Molto interessante e originale è il contributo di Adriana Coppola, “Co-decidere” è “co-gestire”?, dedicato alla considerazione (scettica) e alla valutazione (non positiva) che la Cisl aveva per decenni riservato alla vicenda della Mitbestimmung. Un atteggiamento che in parte cambierà negli ultimi decenni (come ha ricordato Bruno Manghi), ma che svela gli aspetti problematici derivanti dagli investimenti prioritari (organizzativi e culturali) riservati alla contrattazione collettiva e dalla radicata diffidenza nei confronti degli interventi legislativi. Semmai alcune delle “gemme” negli anni sessanta e settanta si rivolgeranno verso le esperienze di autogestione, mostrando un naturale orientamento verso l’innovazione, ma anche una sottovalutazione delle ragioni e degli effetti del fallimento storico del movimento sindacale italiano, ovvero la mancata realizzazione delle istituzioni per la partecipazione dei lavoratori, nonostante la legittimazione fornita dall’art. 46 della Costituzione.
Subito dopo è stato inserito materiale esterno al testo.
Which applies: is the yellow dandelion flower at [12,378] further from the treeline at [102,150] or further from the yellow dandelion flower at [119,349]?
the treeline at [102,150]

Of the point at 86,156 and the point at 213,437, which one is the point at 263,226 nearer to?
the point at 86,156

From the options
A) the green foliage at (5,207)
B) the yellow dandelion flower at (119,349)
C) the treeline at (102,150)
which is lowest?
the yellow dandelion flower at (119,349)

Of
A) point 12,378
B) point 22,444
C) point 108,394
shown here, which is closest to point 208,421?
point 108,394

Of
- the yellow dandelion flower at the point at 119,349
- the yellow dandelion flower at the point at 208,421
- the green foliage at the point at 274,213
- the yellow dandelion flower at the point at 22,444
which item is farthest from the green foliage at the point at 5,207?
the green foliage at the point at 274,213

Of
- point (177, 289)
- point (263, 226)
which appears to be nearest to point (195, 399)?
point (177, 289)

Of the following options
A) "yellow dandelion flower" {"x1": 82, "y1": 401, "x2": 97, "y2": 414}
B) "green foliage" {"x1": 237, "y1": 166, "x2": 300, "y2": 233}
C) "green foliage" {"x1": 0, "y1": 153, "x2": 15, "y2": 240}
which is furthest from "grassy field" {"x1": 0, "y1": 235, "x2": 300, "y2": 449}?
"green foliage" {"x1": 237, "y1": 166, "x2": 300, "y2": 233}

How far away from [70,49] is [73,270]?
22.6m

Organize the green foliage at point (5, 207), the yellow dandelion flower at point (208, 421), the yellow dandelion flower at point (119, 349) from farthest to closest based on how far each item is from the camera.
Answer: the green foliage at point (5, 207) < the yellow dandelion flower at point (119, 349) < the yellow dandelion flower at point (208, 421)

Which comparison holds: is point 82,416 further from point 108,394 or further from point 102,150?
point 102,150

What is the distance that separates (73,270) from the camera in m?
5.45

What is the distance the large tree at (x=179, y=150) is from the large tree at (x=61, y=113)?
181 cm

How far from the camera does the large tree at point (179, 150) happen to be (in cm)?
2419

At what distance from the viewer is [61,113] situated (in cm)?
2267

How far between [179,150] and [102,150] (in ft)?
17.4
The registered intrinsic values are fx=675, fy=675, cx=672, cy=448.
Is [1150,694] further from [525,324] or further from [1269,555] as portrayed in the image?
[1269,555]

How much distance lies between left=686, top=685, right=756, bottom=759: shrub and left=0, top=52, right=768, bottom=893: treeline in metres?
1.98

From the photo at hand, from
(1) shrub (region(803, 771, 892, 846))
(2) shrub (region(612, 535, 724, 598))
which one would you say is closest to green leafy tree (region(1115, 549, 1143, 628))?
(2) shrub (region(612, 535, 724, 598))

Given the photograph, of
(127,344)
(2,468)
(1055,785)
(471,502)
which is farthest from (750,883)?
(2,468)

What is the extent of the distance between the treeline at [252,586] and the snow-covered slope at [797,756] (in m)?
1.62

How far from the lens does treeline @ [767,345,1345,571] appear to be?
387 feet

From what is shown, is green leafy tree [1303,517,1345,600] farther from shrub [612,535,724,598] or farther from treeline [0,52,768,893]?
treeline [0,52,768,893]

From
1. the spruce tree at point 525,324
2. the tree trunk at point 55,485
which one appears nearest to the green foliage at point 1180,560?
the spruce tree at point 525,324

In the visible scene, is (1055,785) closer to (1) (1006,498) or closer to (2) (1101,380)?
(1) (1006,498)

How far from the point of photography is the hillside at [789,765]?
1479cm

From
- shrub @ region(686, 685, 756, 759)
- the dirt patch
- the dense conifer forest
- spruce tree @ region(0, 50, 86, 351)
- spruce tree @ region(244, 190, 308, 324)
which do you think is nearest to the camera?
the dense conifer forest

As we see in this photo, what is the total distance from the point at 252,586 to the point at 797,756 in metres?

Su altre “gemme” il volume fornisce evocativi resoconti, che qui possiamo solo ricordare, dalla influenza di Simone Weil (nel contributo di Marcella Filippa) all’esempio di César Chávez, eroe del community organizing nei sindacati americani (nel saggio accurato e appassionato di Francesco Lauria), fino al coinvolgimento intenso nella vicenda di trasformazione dei sindacati brasiliani, una partecipazione questa che, sul piano emotivo, etico, culturale, va ben oltre i limiti delle meritorie attività di sostegno messe in atto da numerosi sindacati europei a favore dei movimenti sindacali dell’America Latina. Attività queste, nei confronti del Sud del mondo e in Polonia con il nascente Solidarnosc, che hanno comunque visto coinvolta tutta la confederazione al meglio della sua cultura, distante dalle deformazioni e strumentalizzazioni ideologiche-politiche, come emerge dai contributi di Iuliano, Cuevas, Gabaglio. Nell’insieme, per la considerazione e gli stimoli, sulle “gemme” e sull’albero della cultura Cisl, questo volume ci dice molto. Speriamo che ne seguano altri.